"Every debit must have a credit. They are two sides of the same coin," explained professor Abdul Hameed. "When I give you something, whether it's a rupee or a banana, I credit myself to debit you," he expanded, placing a banana on my table. I was flummoxed.
Prof Hameed taught accounting at the ND Kapur College of Commerce in Lahore in 1942. After school, I enrolled in a commerce degree at the college. I hailed from an agricultural family and was comfortable discussing the impact of protracted rains or inadequate sunshine on cotton buds. However, my father foresaw that managing numbers would reap a better future than growing wheat. Hence, he made me study accounting.
It was not easy, though. I agonised over the meaning of words such as "debit", "credit", "asset", "liability" and "balance sheet". I understood English words like "book" or "bicycle". They were things that I could see. Accounting words such as "debit" and "credit" are transactions that cannot be seen, yet they occur whenever you exchange money or do business. It was very confusing.
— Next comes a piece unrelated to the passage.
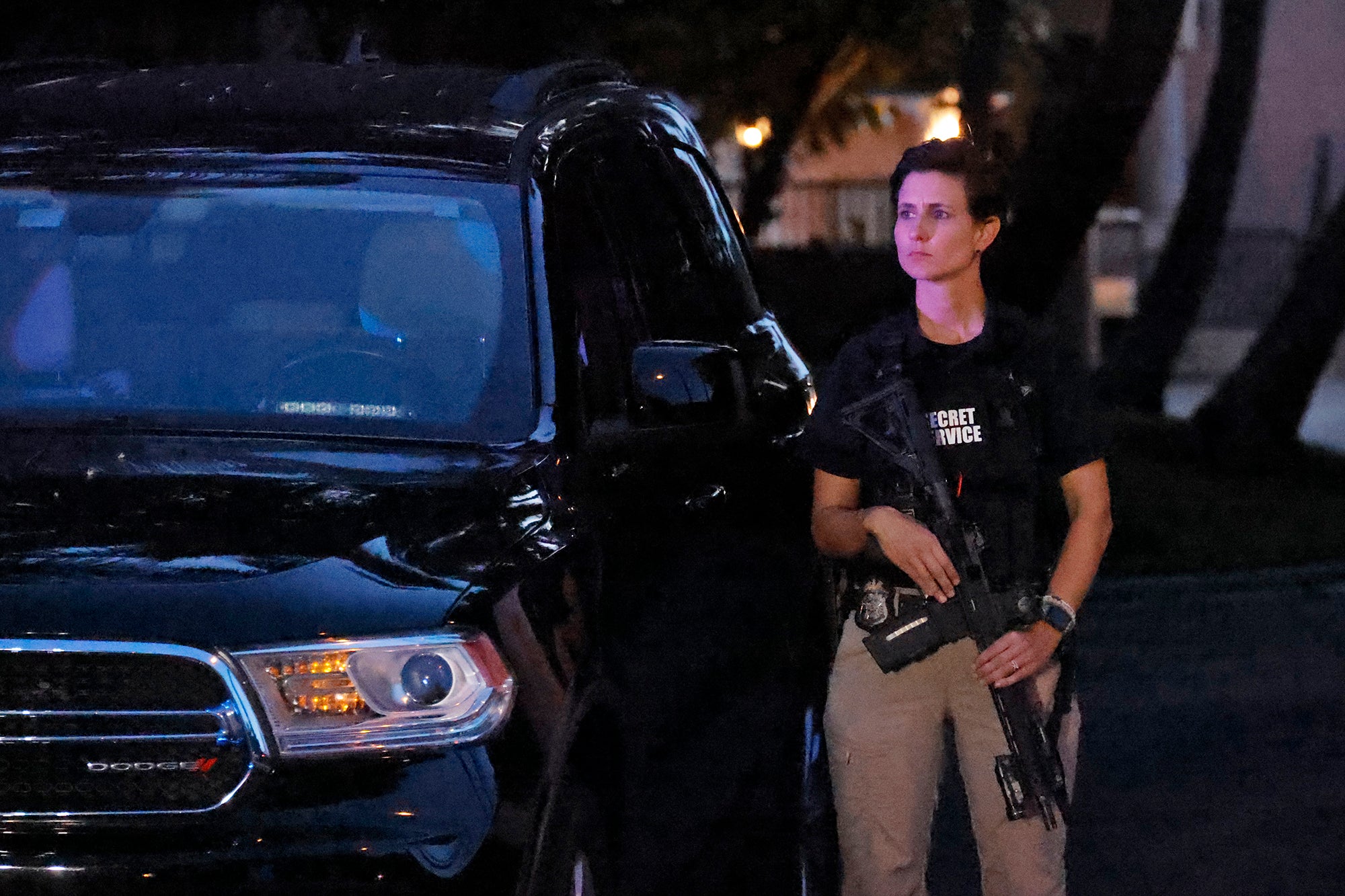 A Secret Service agent stands outside Trump’s residence in Mar-a-Lago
Prof Hameed was a great teacher. He made dull and abstract accounting terminologies straightforward and memorable through examples. When he said, "Credit me when I give you a guava", he took a guava from his pocket and put it in my hand. It was then mine to relish after class.
"Do not get lost in the figures, but look through the figures," he counselled us constantly. "These figures tell you something happened. Understand what happened and why it happened." Taking a mango out of his pocket, he said: "Look at this ripe mango. You can just eat it. But can you also discover where was it grown? Who grew it? How did it acquire this beautiful yellow colour?"
We had young minds; we absorbed his words like sponges.
Some of us who wanted extra coaching visited his home three times a week for private tuition. We would sit around a table and he would quiz us: "Why does a balance sheet balance?" Then he strolled around, giving each of us a piercing look, waiting for a response. He wanted us to ruminate over the question. We would try a range of replies hoping to be right. Finally when all of us failed, he would reveal: "Simple. A company cannot survive by owing more to the world than it has. Hence, the liabilities and assets have to equal each other!"
After graduation, I often visited Prof Hameed at college or his home. During Eid, we would share saffron kheer (sweet rice).
Then came the Partition in 1947. It was a fierce storm of anarchy and mayhem.
I moved to the newly formed India with my family and started work. However, I continued to nourish my appetite for accounting. My work involved preparing company accounts or auditing them. There were no calculators or computers in the 1940s; we did all the calculations and aggregations manually. Perhaps this improved our agility with figures. Now, accounting softwares such as SAP and Oracle undertake all number crunching and prepare annual accounts. As a result, many youngsters have little feel for numbers. To us, every number was full of caprice, like a pretty girl.
Over the years, I got engrossed in the accounts of corporations. However, I always remembered that the foundation of accounting had been firmly laid in my mind by Prof Hameed. His lessons saw me through a 50-year career in accounting and auditing.
I was reminded of him when I heard about the recent campaign by Google encouraging people to search for those they had lost contact with during Partition. If only I could trace my old mentor and pay a "salaam" to him for helping me discover the magic of accounting all those years ago. Perhaps he would invite me home for some of his delicious kheer.